When the governor, a Republican, and leaders from the House and Senate announced a framework Wednesday for spending in the fiscal year beginning July 1, they declined to discuss more than their agreement on a bottom line. But by midday Thursday, a House panel had approved legislation to undo a 30 percent funding cut the governor had proposed for the University of Pittsburgh, Penn State University and Temple University. Legislative aides said the maneuver reflected agreement between budget negotiators.
"They are being flat-funded," said Steve Miskin, a spokesman for House Republicans. "Everybody is in agreement on that."
The governor's office declined to address the particulars of higher education funding, but spokesman Eric Shirk said better-than-expected state revenue collections in recent months would permit a higher level of spending.
The framework announced Wednesday matches the spending level approved by the Senate in May, surpassing the governor's February proposal by more than $500 million. Mr. Corbett's plan for a $27.14 billion budget would have had the state spend slightly less than the $27.16 billion available this year.
"We're happy that revenues have come in above projection and will allow us to add funding above what was originally proposed," Mr. Shirk said. "The governor is working hard to restore funding to key areas of the budget."

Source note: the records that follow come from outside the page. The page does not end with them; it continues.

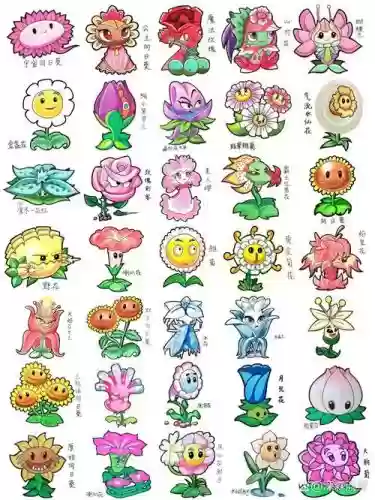 植物大战僵尸花阵容搭配，植物大战僵尸 花插图
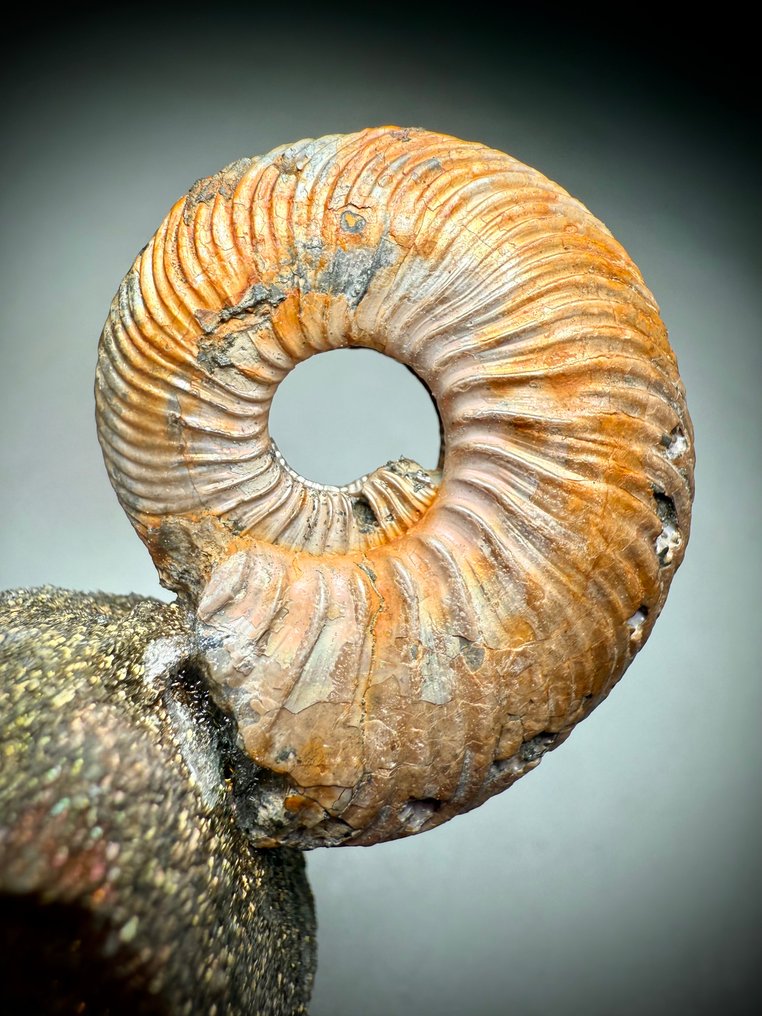 Superb decorative ammonite - Fossilised shell - Kosmoceras phacinum  (No Reserve Price) #2.1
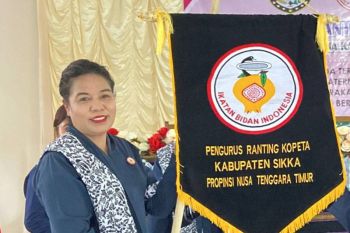IBI dorong peran bidan atasi masalah kekerdilan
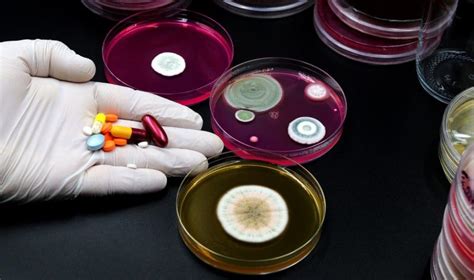 Senate hearing highlights superbug threats, solutions | CIDRAP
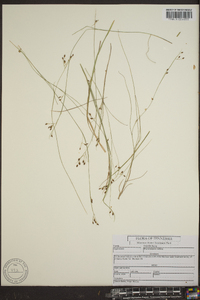 Rhynchospora rariflora image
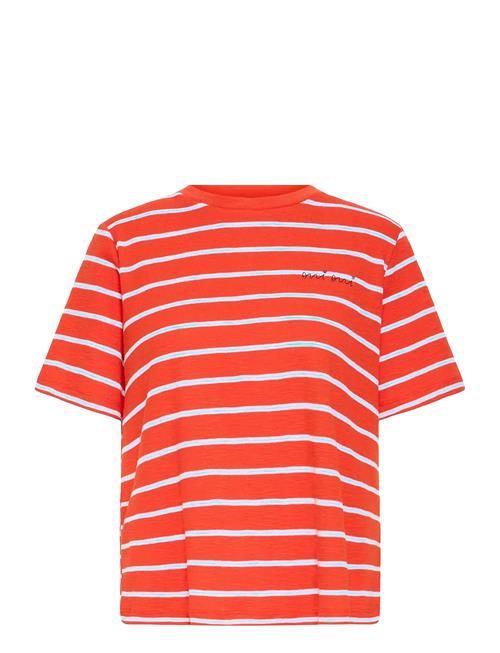 ICHI | Ihnova Ss3 | XS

The greatest point of consensus Thursday in the Capitol was the tentative nature of the agreement, as legislative leaders and aides stressed that any deal requires legislative approval. House Republicans received their first briefing in the afternoon, and Senate Republicans planned to describe the plan in caucus on Monday.
Sen. Pat Browne of Lehigh, the Republican whip, said the agreement remains fluid, but he pointed to the House vote on the state-supported universities as a sign that restoration could be on the way.

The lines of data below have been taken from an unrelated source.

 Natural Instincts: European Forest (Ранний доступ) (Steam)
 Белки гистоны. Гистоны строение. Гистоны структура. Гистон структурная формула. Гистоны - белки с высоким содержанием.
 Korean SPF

"I think it makes it a lot more likely," he said. "There has been absolutely an interest in restoring funding for higher education, but that has to be finalized with our caucus members."

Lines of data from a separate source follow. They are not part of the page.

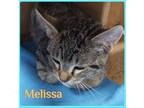 Adopt MELISSA a Brown Tabby Domestic Shorthair / Mixed (short coat) cat in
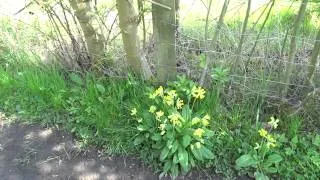 More Cowslips at FORTY HALL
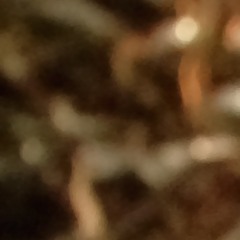 【世界台】Islam國的宣傳戰 - 150816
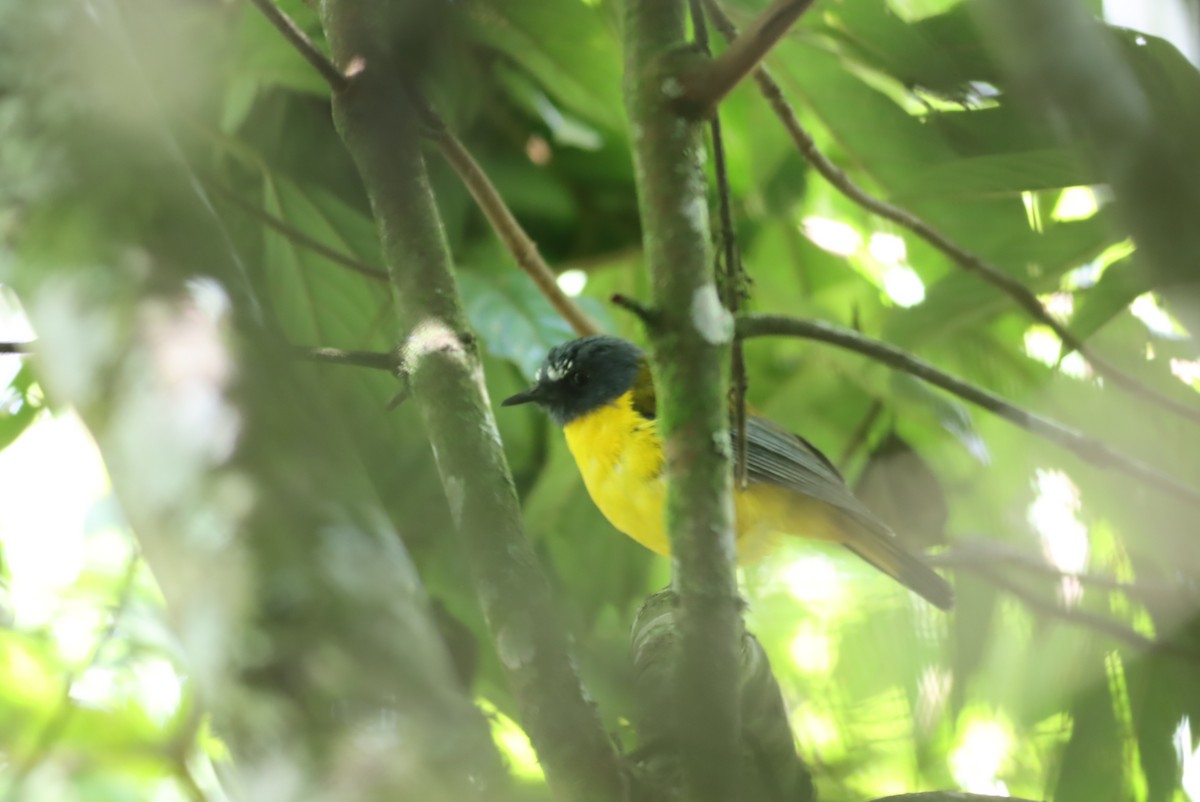 White-starred Robin - ML610009284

The universities welcomed the news, though representatives pointed to the legislative steps remaining before an accord among leaders can be signed into law.
"We at Pitt await the passage of the final legislation and hope for restoration of our appropriation," said Robert Hill, vice chancellor for public affairs at Pitt.
The system of 14 state-owned universities would sustain a 20 percent funding cut under the budget proposed by Mr. Corbett, but Mike Stoll, a spokesman for House Appropriations Committee Chairman Bill Adolph, R-Delaware, said negotiators agreed to pursue level funding for those institutions as well as the state-supported universities.
Both the governor and Senate had proposed level funding for Lincoln University, the fourth state-supported institution.
The budget framework outlined to rank-and-file lawmakers expands a program of tax credits for businesses that donate to scholarships for non-public primary and secondary schools while targeting additional funding to students in the worst-performing schools.
Rep. Mike Vereb, R-Montgomery, said negotiators told him the tentative agreement includes $25 million to expand the current Educational Improvement Tax Credit program, which is currently funded at $75 million. An additional $50 million would be available to students who attend a school among the state's lowest-achieving 15 percent.
A proposal for such an expansion was introduced earlier this month by Rep. Jim Christiana, R-Beaver, and would require approval from both the House and Senate.
Senate Minority Leader Jay Costa, D-Forest Hills, said Senate Democrats were involved in developing the spending number in the Senate proposal, which matches the level announced Wednesday, as well as working to target which programs received funding.
He said he had been told by Republican leaders of the parameters of the budget deal.
In the House, however, Democrats said Thursday night that they had yet to hear from their Republican counterparts about the agreement. Earlier in the day, Rep. Joe Markosek of Monroeville, the ranking Democrat on the Appropriations Committee, said he had learned of the budget framework through news reports.